About this exercise: Starting at the line that contains "Renegade Games G.I. Joe Mission Critical", retype each line to the end of the listing below. Include both ends, but not the pictures.
Recorded information below:
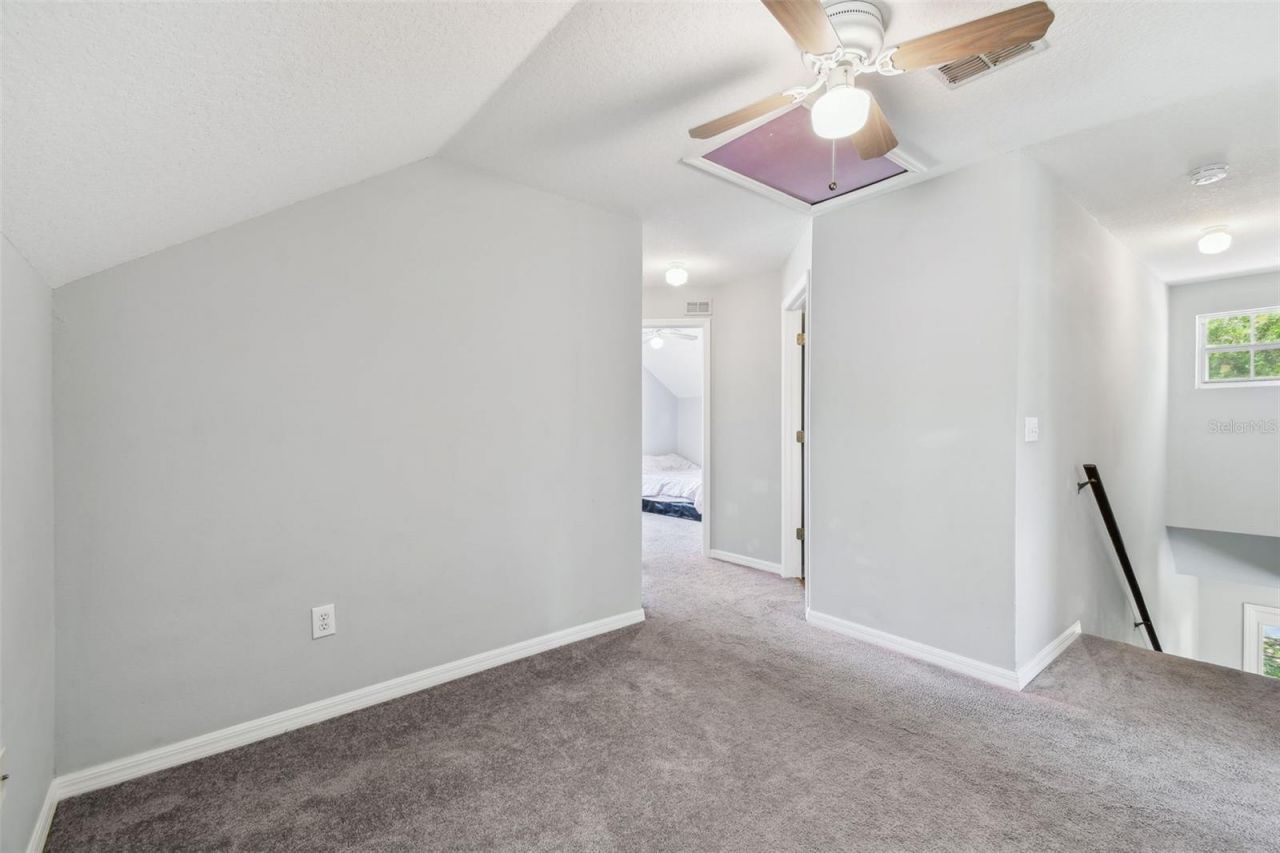 24231 Satinwood Court, Lutz, FL 33559 Photo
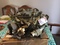 Click to view classifieds UWDGNHFO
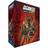 Renegade Games G.I. Joe Mission Critical
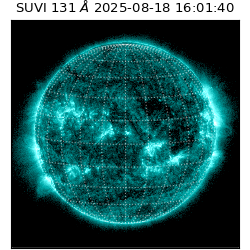 suvi - 2025-08-18T16:01:40.938000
End of Recorded information.
Solution below:
 Renegade Games G.I. Joe Mission Critical
 suvi - 2025-08-18T16:01:40.938000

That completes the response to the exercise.